**Try it**
Transcribe the data in full and exactly, omitting any pictures.

**Records to process**
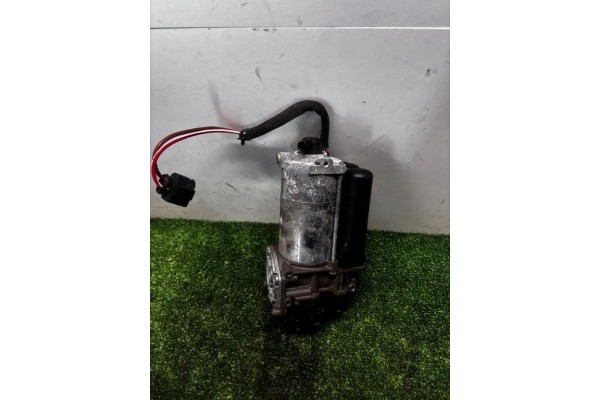 Suspension compressor PORSCHE 4M0616005H gasoline 324kW 2021 Catalog number of substitutes 41540640102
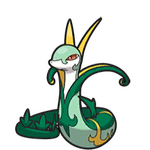 Serperior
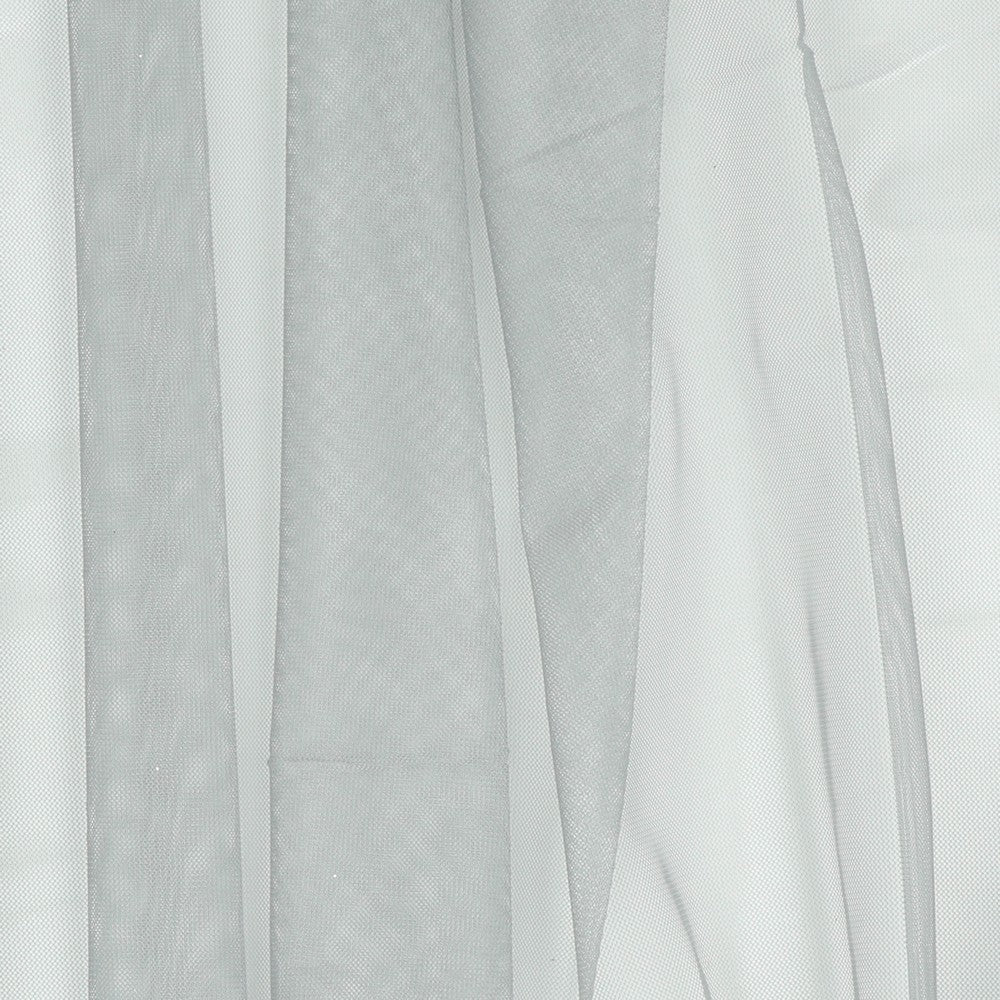 Extra soft tulle - light grey 25 g/m²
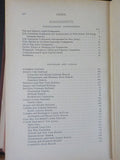 Annual Report of the State Board of Assessors New Jersey 1889  Hard Cover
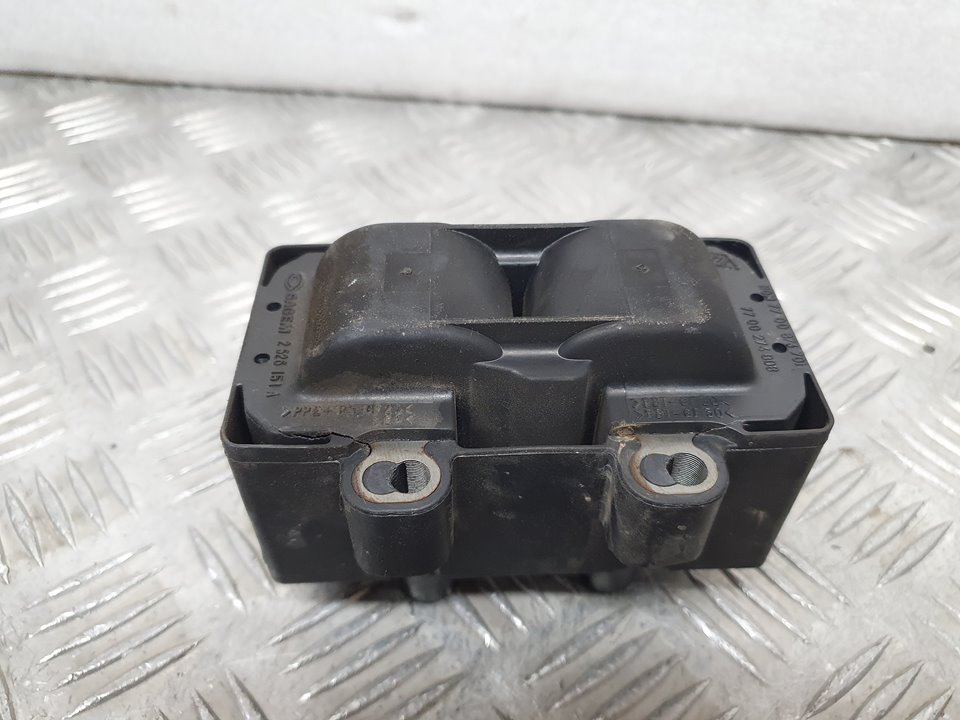 NISSAN High Voltage Ignition Coil 7700873701 21103122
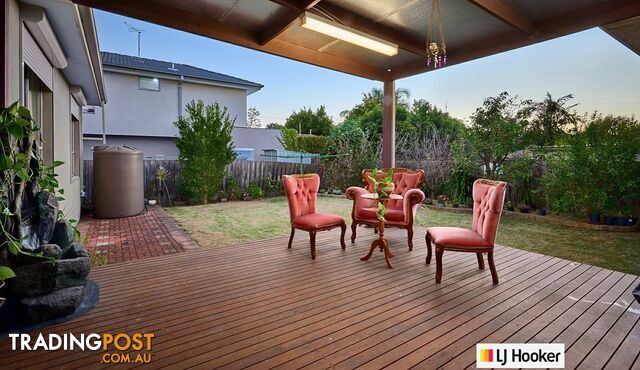 48 Thomas Street NOBLE PARK VIC 3174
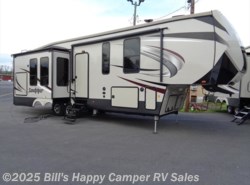 New 2018 Forest River Sandpiper 345RLOK available in Mill Hall, Pennsylvania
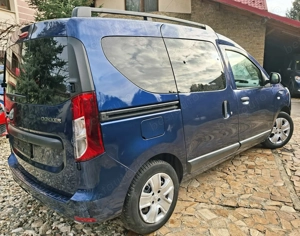 Dokker ,1.6 MPI ,GPL de fabrica , posibilitate rate  - imagine 2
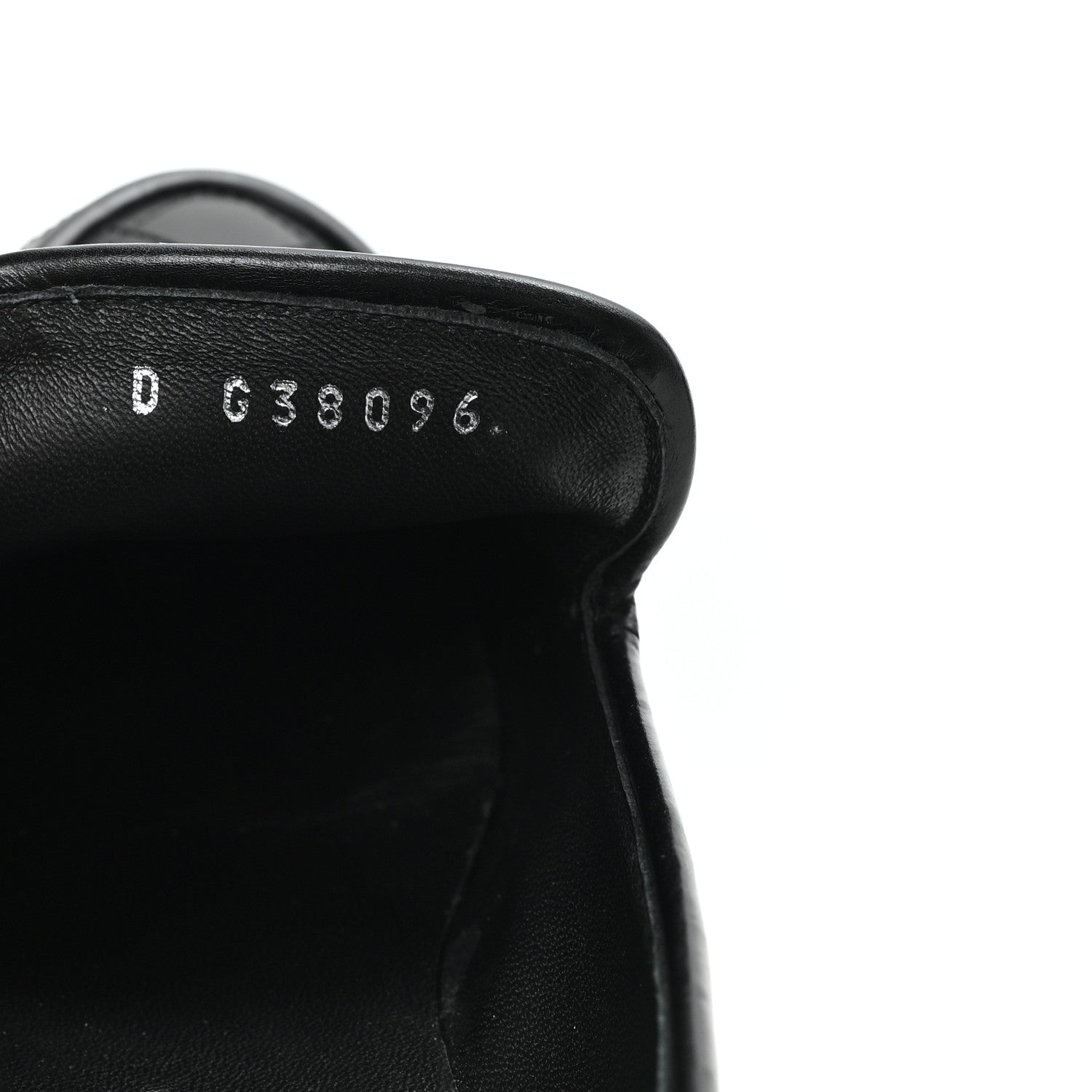 Chanel Calfskin Stitched CC Loafers 38 Black 1777489 – FASHIONPHILE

**Response box**
 Suspension compressor PORSCHE 4M0616005H gasoline 324kW 2021 Catalog number of substitutes 41540640102
 Serperior
 Extra soft tulle - light grey 25 g/m²
 Annual Report of the State Board of Assessors New Jersey 1889  Hard Cover
 NISSAN High Voltage Ignition Coil 7700873701 21103122
 48 Thomas Street NOBLE PARK VIC 3174
 New 2018 Forest River Sandpiper 345RLOK available in Mill Hall, Pennsylvania
 Dokker ,1.6 MPI ,GPL de fabrica , posibilitate rate  - imagine 2
 Chanel Calfskin Stitched CC Loafers 38 Black 1777489 – FASHIONPHILE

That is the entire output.